RabbitMQ is highly configurable in this regard but you will hit snags in how you distribute queues across exchanges.

Likewise this configurability makes case specific benchmarks very awkward.

Erlang solutions are a bunch of scammers who work for ICO scammers.
I love RabbitMQ but deploying/managing a cluster can be tricky. We had problems with network partitioning and since we didn't really need a cluster for performance reasons - only availability - we switched to a single node.
Try the new quorum queues, they don't have those issues.
I feel like RabbitMQ is sort of the "swiss army knife" of message queues, and I mean that in the nicest way possible.

People will compare it to Kafka, claiming that its pubsub is faster than Rabbit's, but that's sort of missing the point: Rabbit thrives because it's easy to set up, will work well for 99% of cases, and handles nearly every kind of distributed problem you're likely to come across.

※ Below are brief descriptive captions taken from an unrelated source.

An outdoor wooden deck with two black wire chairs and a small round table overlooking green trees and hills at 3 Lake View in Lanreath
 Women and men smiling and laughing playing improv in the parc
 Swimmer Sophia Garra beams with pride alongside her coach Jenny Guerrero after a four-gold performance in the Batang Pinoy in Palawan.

I recently did a project with Rabbit on my home server, and while the project had some issues, the issues were never Rabbit.

it's also super duper stable even on default configs. it's one of my favorite softwares ever.
Rabbit doesn't have Kafka's ability to massively distribute and scale (it does have a distributed story but from what I hear few explore it). But Rabbit also supports more complex use cases than Kafka because its messaging protocol (AMQP) is more intelligent. Unless you're a "web-scale"/s company, Rabbit's scale even on one node is likely enough.

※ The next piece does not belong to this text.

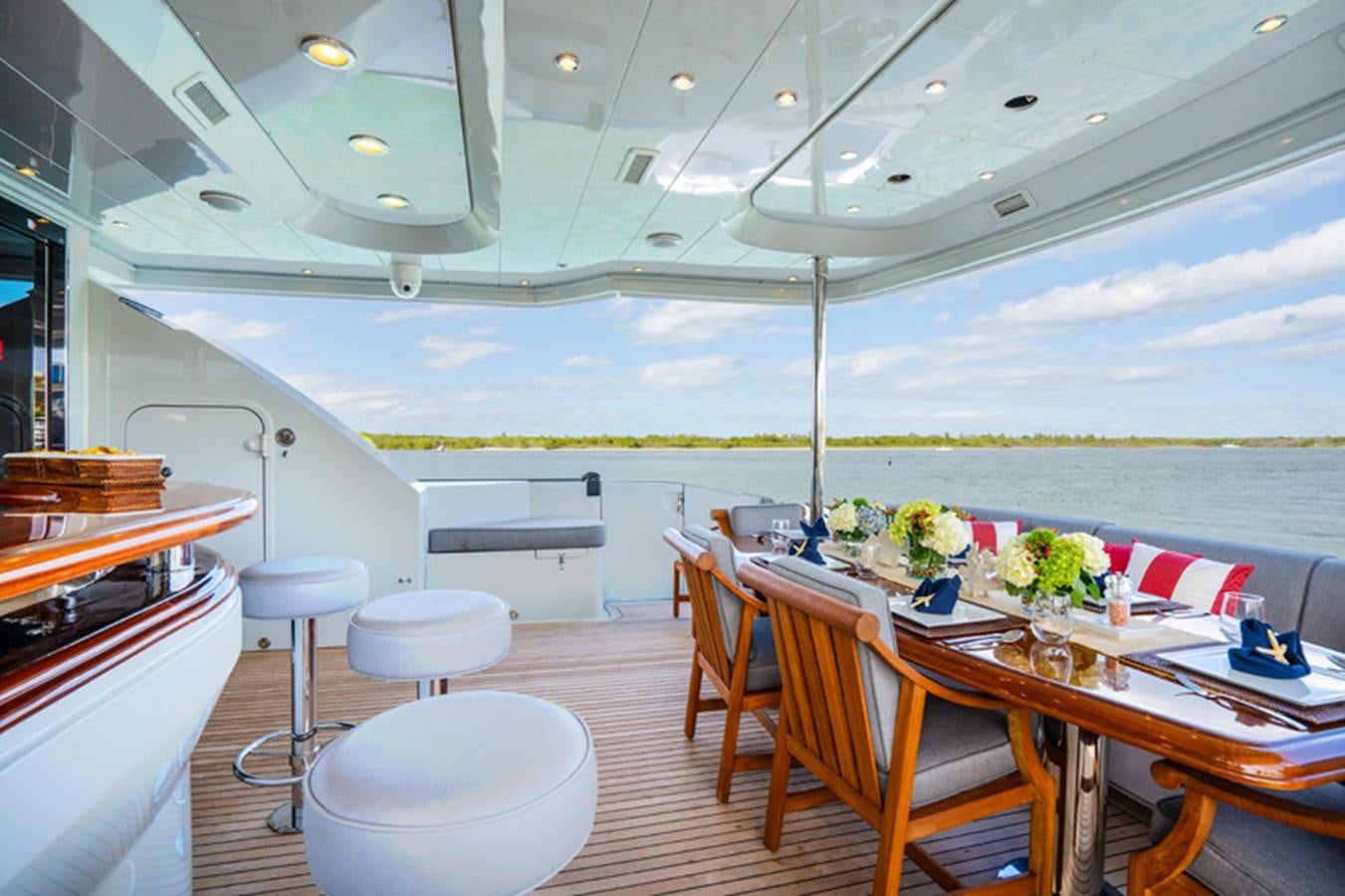 a room with tables and chairs aboard TEMPTATION Yacht for Sale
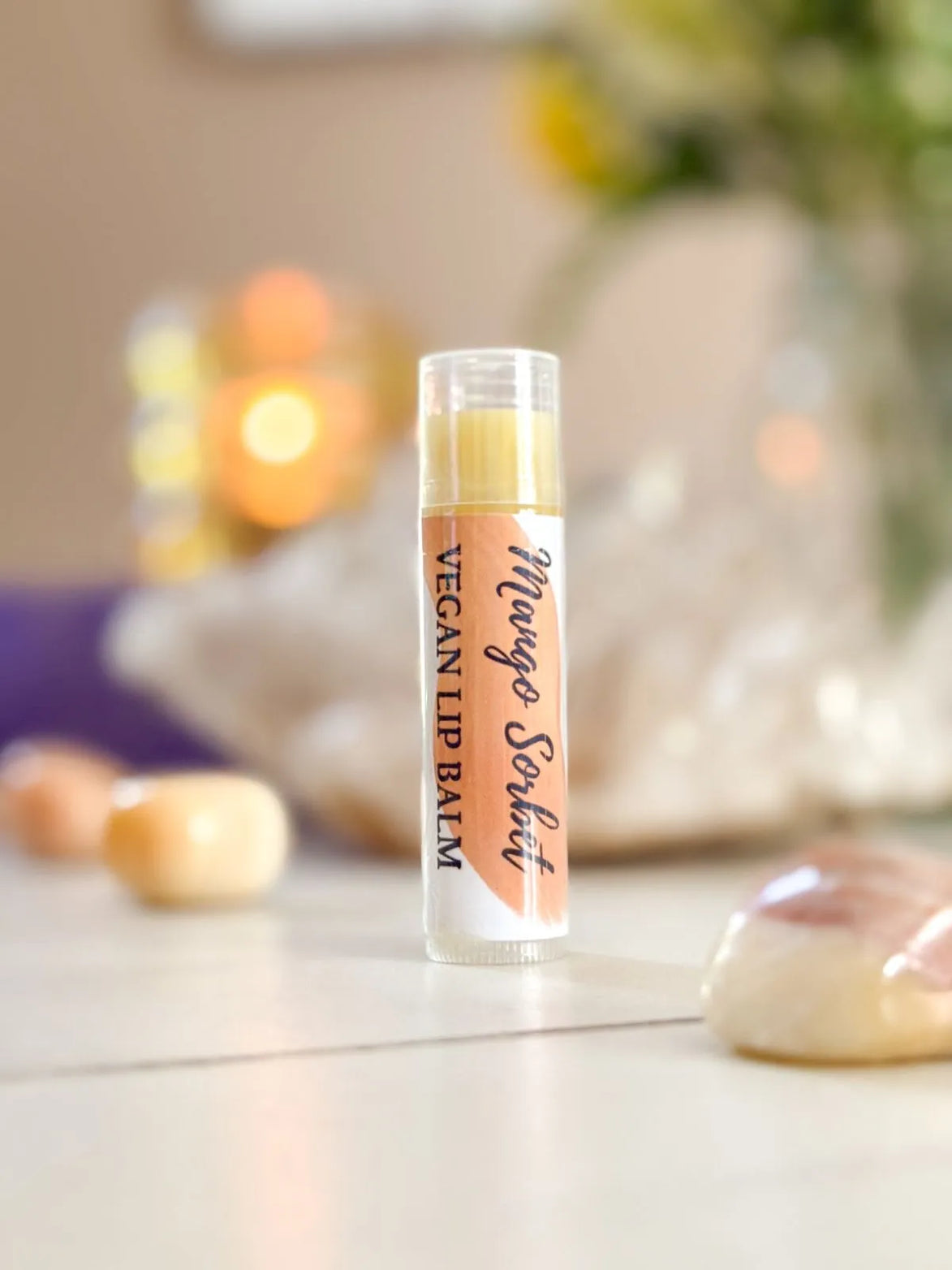 Organic vegan lip balm labeled Juicy Mango Sorbet with tropical mango flavor.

I've been using Rabbit in production for RPC and pub/sub for the past 5 years (single instance running on a non-dedicated VM, medium traffic) and its been pretty easy to setup and has been pretty reliable in practice.

I've always been concerned about losing messages, and I did have to learn to turn on persistence and durability for messages to survive server interruptions, but it was easy enough. Message acknowledgements are also a nice feature, and Rabbit is able to achieve at-least-once messaging semantics.

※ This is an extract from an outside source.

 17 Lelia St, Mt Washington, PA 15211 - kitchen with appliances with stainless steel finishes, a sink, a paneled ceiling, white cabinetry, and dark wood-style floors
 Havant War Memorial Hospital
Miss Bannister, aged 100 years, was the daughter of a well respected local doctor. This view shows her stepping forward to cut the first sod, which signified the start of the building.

Yeah, I don't dispute that for certain usecases, Kafka is definitely the better choice, use the right tool for the right job.

That said, for most small to medium-large tasks, Rabbit will handle things without much trouble, making it a good fit for most common usecases.

I've got a connection/channel question for those who have built solutions with rabbitmq-- how did you decide as to how many connections and channels-per-connection to use? Does connection pooling even make sense for RabbitMQ? My impression is that channel pooling may make more sense. Thoughts?
An application usually has one connection, and many channels. Our pattern is to dedicate one channel for all publishing and then N channels mapped to consumer threads.

You don't have to pool connections as channels are multiplexed by them.

Things to watch out for:

- opening too many channels - these map to Erlang processes and can overwhelm your server if you go over ulimits - sharing consumer channels between threads - you might see weird behavior (e.g. acking wrong messages etc)

We've built own library/framework for creating resilient consumers, and it enforces mapping 1:1 channels and consumer threads, as well as automatic reconnections and channel clean ups.

+1 for everything that's been said. Another thing to consider is message throughput, if that's a concern. In the case of multiple channels per single connection, note that a connection is a single TCP connection such that multiple channels contend for the TCP stream. At the same time, connections aren't completely free either.

The general takeaway from this should be: if you've got a particular stream of messages (either a producer or a consumer) that pushes many thousands or even tens of thousands of messages per second, use a separate TCP connection. For anything else that is slower (dozens of messages per second), multiple channels on the same connection work great.

One last consideration is that when a given channel misbehaves or you perform an operation that the broker doesn't like, the only recovery that I've seen is to shut down the entire connection which can affect others channels on the same connection.